Lobdell stood in the hallway. Leaned forward and touched a picture frame. He made the cottage around him look toylike.

“The dopers use patchouli incense to hide the pot smoke, don’t they?” he asked.

“So I’ve heard.”

Nick took the living room and kitchen. Lucky Lobdell took the bedroom and bath.

To Nick’s eye the place was rented furnished. Blue fabric sofa ten years out of style. Same with the glass-topped coffee table in front of it. Thought he remembered the style of rocking chair from a high school friend’s house, a Sears product with a beige background and a brown oak-leaf and acorn pattern. A big dust apron around the bottom. A scuffed-up pine floor with a braided oval rug in the middle, blue and gray.

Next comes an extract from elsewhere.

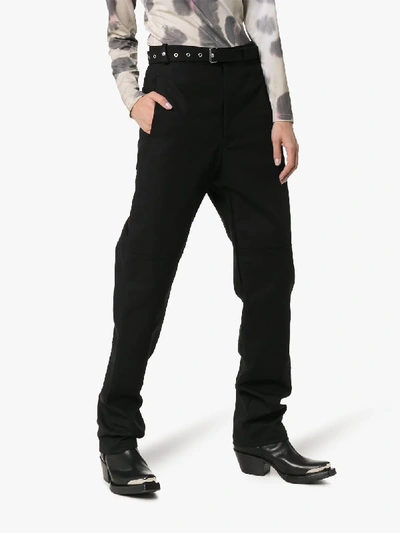 Shop Ambush Chino Straight Leg Cotton Trousers In Black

Easy to spot Janelle Vonn’s stuff. A Beatles Revolver album cover and a peace sign poster on one wall. A WHAT TO DO IN CASE OF NUCLEAR ATTACK poster on another wall, with a photo of a guy kissing his ass goodbye. Some framed black-and-white photos of a guitar player onstage. Nick didn’t recognize him. The pictures looked amateurish, with the microphone making a big round shadow on the guy’s face. There was an elaborate macramé plant holder hooked into one corner of the ceiling, creeping charlies spilling out from the pots. The curtains were just bedsheets thumbtacked to the window frames. White sheets with little pink roses that the sun had faded.

The kitchen was small and had a yellow and chrome dinette. The table had been last set for three. Yellow straw place mats, three wineglasses with a little dried red left at the bottoms. Lipstick on one. Water glasses-two almost full and one with lipstick almost empty. A large faint circular red stain in the middle. Plates and silverware in the sink rinsed but not washed.

Yellow walls and cabinets. White refrigerator. Yellow counter tile. Nick opened the refrigerator. Orange juice, relish, three eggs, three packets of soy sauce. On top of the fridge was a large jug of Bali Hai wine. And a small ceramic mushroom with two sticks of patchouli incense in it, one of them half burned. A quarter of the wine was left. Nick figured the bottle bottom matched the red stain on the dinette table and made a note to have the bottle dusted for prints.

A wastebasket under the sink solved the dinner mystery. Mexican takeout from Pepito’s on Ocean Avenue here in Laguna. Nick fished out the receipt. Red and Ho at seven o’clock? Enough food for three-$7.45.

There was a bay window with a bench seat. Most of the seat was taken up with textbooks. An Introduction to Economics. The Norton Anthology of English Literature Revised, Volume 1. The Art of Sound: Appreciating Music was open to page 114, with a postcard of Watts Towers holding the place. The postmark was eight days ago.